Cloud Backup (planned premium feature): We plan to introduce an optional cloud backup feature as part of a paid subscription. If and when you enable cloud backup, your workout history, personal records, and goals will be securely transmitted to and stored on our servers solely for the purpose of backup and multi-device synchronization. You will be asked to provide explicit consent before cloud backup is activated, and you may disable it at any time from within the app. We will update this Privacy Policy before this feature launches.

3.3 Health and Biometric Data

If you grant permission, the app reads the following health data from your device's health platform (Apple Health on iOS, Google Health Connect on Android):

• Sleep duration
• Resting heart rate and heart rate variability (HRV)
• Daily step count
• Weight, height, and body fat percentage

This data is read-only and stays on your device. It is displayed in the app's Home screen Readiness Card and Profile Body Metrics section. It is stored locally in an encrypted database on your device and is never transmitted to our servers. Granting these permissions is optional; refusing them does not prevent you from using the core features of the app.
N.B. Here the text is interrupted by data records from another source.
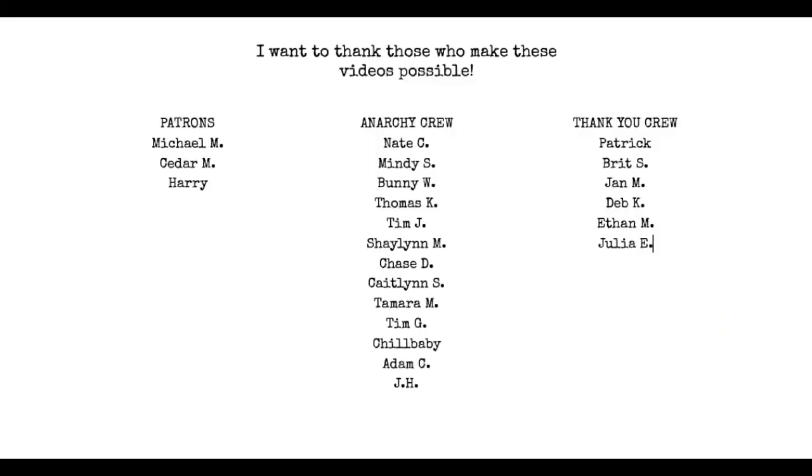I just want to give a quick thanks to the people who make these videos possible — Anarchy Crew and my followers on Patreon. I appreciate the hell out of you guys. Thank you so much for keeping me going and making this content possible. If you'd like to join the Anarchy Crew, hit the Join button beneath this video. If you'd like to become a member of my Patreon, the link is down below. Thank you.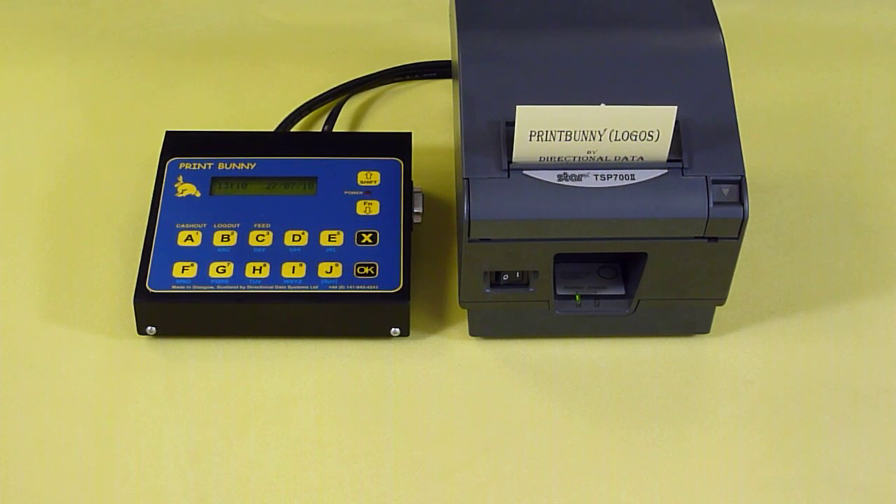The Totem Print Bunny is a desktop ticketing solution that is affordable, fast and simple to use. It is able to print up to 10 individual ticket types quickly, therefore reducing the number of customers queuing.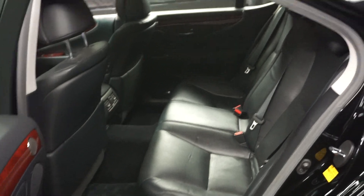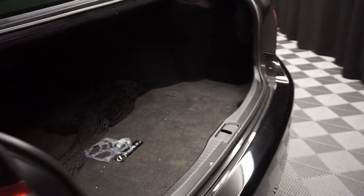Here's your sunroof. It's got Lexus wheels, plenty of room here in the back seat, plenty of room back here in the trunk area, power trunk closer, and all wheel drive.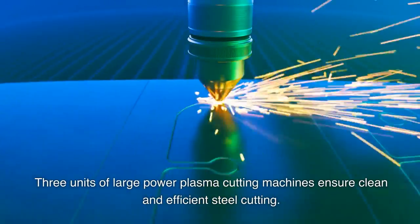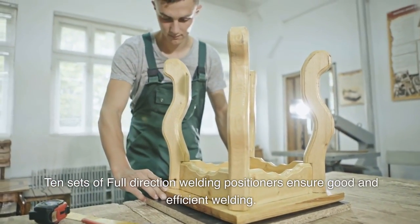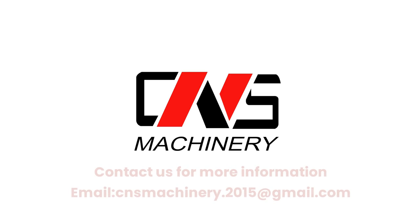Ten sets of full-direction welding positioners ensure good and efficient welding. We currently supply products to Japan, Australia, the UK, and Germany. Contact us for more.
3.4 Camera and AI Pose Detection Data

The AI coaching feature uses your device's camera to analyze your exercise form in real time:

• Video frames are processed entirely on your device by a local machine learning model (MediaPipe Pose Landmarker)
• No video, images, or pose data are ever recorded, stored, or transmitted anywhere — not to our servers, not to any third party
• Camera access is used only while you are actively using the AI coaching screen
• The ML model itself is downloaded once to your device as part of the app installation or an on-demand asset pack — model inference always happens locally

3.5 Device and Technical Data

To detect and fix crashes and technical issues, we automatically collect:

• Device model and manufacturer
• Operating system and version
• App version
• Crash stack traces and error logs
• App usage breadcrumbs (sequence of actions leading to an error)
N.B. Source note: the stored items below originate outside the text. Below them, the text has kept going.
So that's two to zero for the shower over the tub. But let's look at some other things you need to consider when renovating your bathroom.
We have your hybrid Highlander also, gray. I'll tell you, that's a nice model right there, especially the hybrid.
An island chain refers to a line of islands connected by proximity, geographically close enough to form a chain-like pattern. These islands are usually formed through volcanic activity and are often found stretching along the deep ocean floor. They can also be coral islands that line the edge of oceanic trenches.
This data is collected by Firebase Crashlytics. It is used solely for debugging and improving app stability. It does not include your personal information such as name or email, though a user identifier may be attached to crash reports to help us investigate issues affecting specific users.

3.6 Usage Analytics

To understand how the app is used and improve the product, we collect:

• Screen view events — which screens you visit within the app (for example: "Home", "Profile", "ActiveWorkout", "PoseCamera")

We collect only screen navigation events. We do not collect your exercise content, workout data, or any personally identifiable information through our analytics. User identifiers are not attached to analytics events.

This data is collected by Firebase Analytics.

3.7 Wearable Device Data

If you pair a Garmin smartwatch with the app, workout events and AI coaching feedback are exchanged between the app and your watch via Bluetooth Low Energy (BLE). This communication is device-to-device only — no data from this exchange is transmitted to our servers or to Garmin's servers.

3.8 Website and Contact Form Data

When you visit helai.app or submit a message through our contact form, we collect:

• Language preference — stored in your browser's local storage to remember your language choice
• Contact form submissions — your name, email address, subject, and message content, used solely to respond to your inquiry

4. How We Use Your Information {#how-we-use}

We use the information we collect for the following specific purposes:

We do not use your data for advertising, profiling for non-fitness purposes, or sale to third parties.

5. Legal Bases for Processing {#legal-bases}

For users in jurisdictions that require a legal basis for data processing (including the EU, UK, Brazil, and others), we process your data on the following bases:

You have the right to object to processing based on legitimate interests. See Section 9 for how to exercise your rights.

6. Data Storage and Security {#storage-security}

6.1 Local Storage (On-Device)

Most of your personal data — including all workout history, health data, personal records, and goals — is stored locally on your device using:

• SQLite database encrypted with SQLCipher (AES-256 encryption at rest)
• Data is accessible only to the HelAI application

6.2 Cloud Storage

Account data (email, display name, UID) is stored in Firebase Authentication, operated by Google LLC. Firebase services are hosted on Google Cloud Platform infrastructure.

Firebase Data Connect (our exercise catalog database) is hosted in the europe-southwest1 region (Spain, EU).

When you enable cloud backup (planned premium feature), your workout data will be stored in the same region (europe-southwest1 or closer to your location, where available).

6.3 Security Measures

We implement the following security practices:

• Encryption in transit: All communications between the app and our backend use TLS 1.3
• Encryption at rest: Local database encrypted with SQLCipher (AES-256); Firebase at-rest encryption
• Access controls: Firebase Authentication with scoped JWT tokens; API requests authenticated with Firebase ID tokens
• Minimum data principle: We collect only what is necessary for each feature
• Regular security reviews: Dependencies are kept up to date; security is considered during code review

No method of transmission or storage is 100% secure. In the event of a data breach that poses a risk to your rights, we will notify you and relevant authorities as required by applicable law.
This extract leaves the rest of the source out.